**Information provided**
Content starts

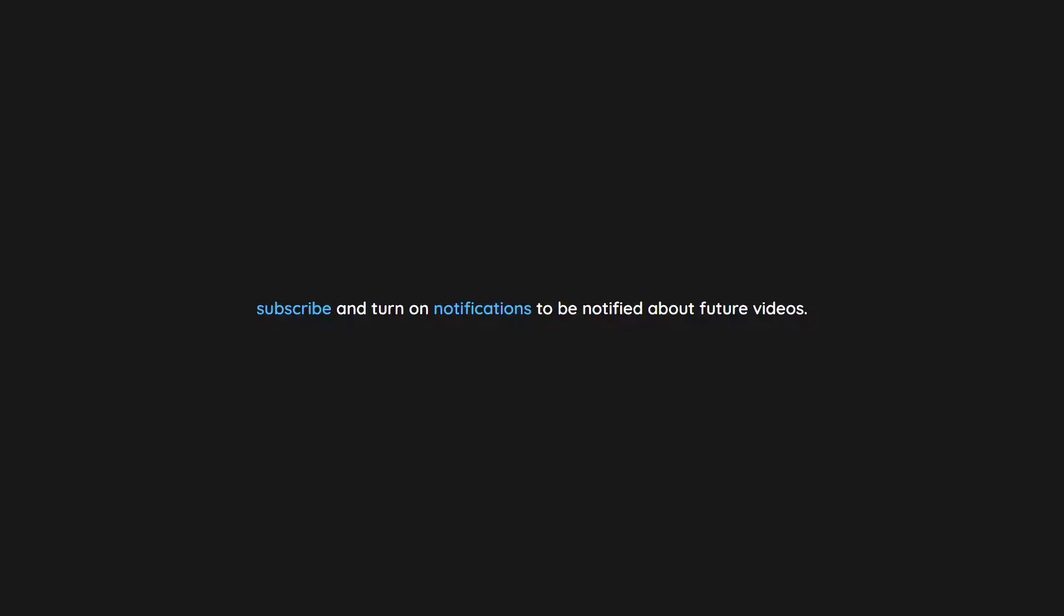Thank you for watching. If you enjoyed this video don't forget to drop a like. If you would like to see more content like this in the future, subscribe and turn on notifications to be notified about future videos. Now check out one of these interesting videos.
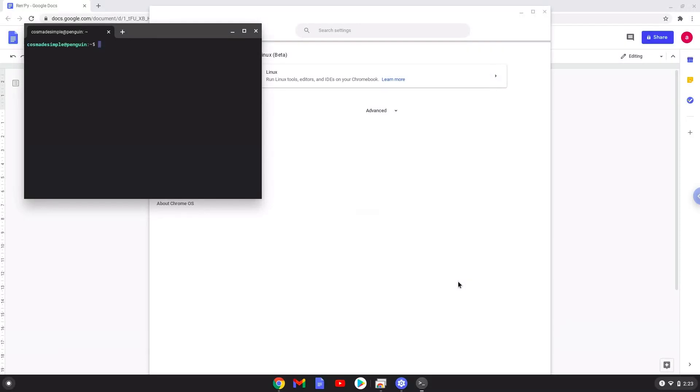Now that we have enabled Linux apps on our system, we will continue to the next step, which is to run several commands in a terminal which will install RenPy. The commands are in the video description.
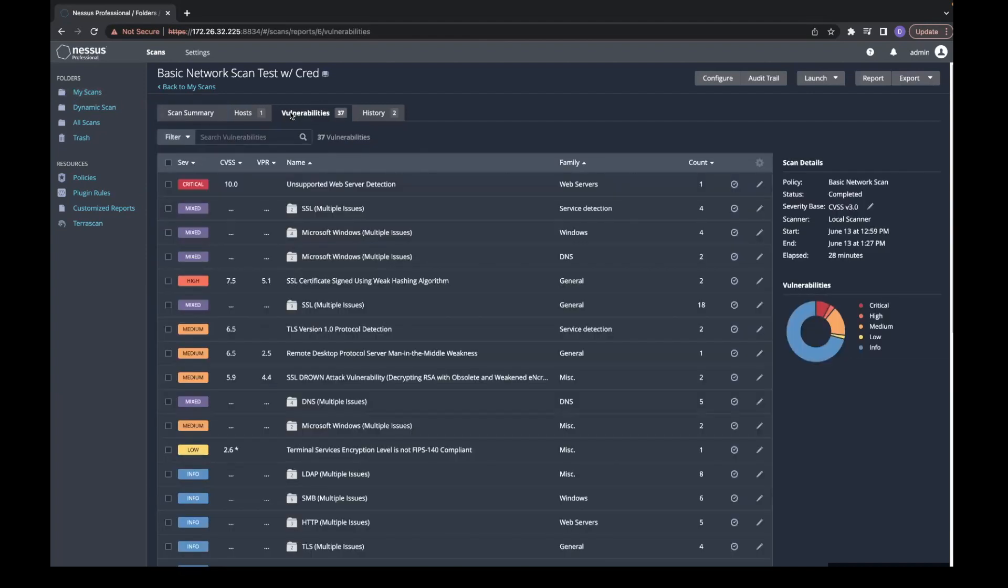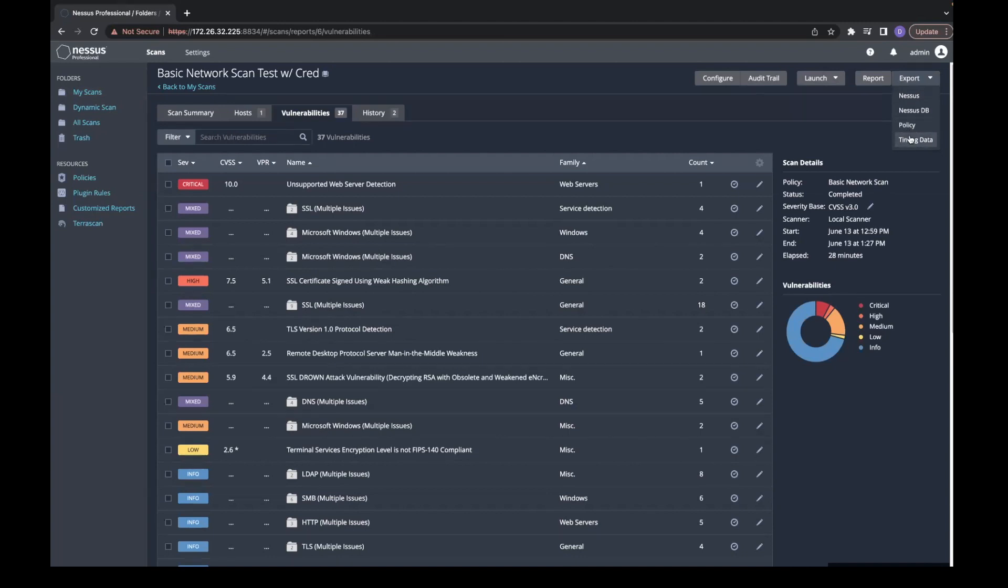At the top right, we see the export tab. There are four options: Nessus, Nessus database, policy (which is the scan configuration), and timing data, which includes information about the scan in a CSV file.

Content ends
Content starts

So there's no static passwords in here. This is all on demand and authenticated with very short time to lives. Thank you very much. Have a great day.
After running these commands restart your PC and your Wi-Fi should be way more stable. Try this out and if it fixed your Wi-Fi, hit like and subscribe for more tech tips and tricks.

Content ends

**Exercise requirements**
Write out the lines above from the one with "Thank you for" through the one with "At the top right, we", ends included, exactly; no picture goes in.

**Exercise response**
Thank you for watching. If you enjoyed this video don't forget to drop a like. If you would like to see more content like this in the future, subscribe and turn on notifications to be notified about future videos. Now check out one of these interesting videos.
Now that we have enabled Linux apps on our system, we will continue to the next step, which is to run several commands in a terminal which will install RenPy. The commands are in the video description.
At the top right, we see the export tab. There are four options: Nessus, Nessus database, policy (which is the scan configuration), and timing data, which includes information about the scan in a CSV file.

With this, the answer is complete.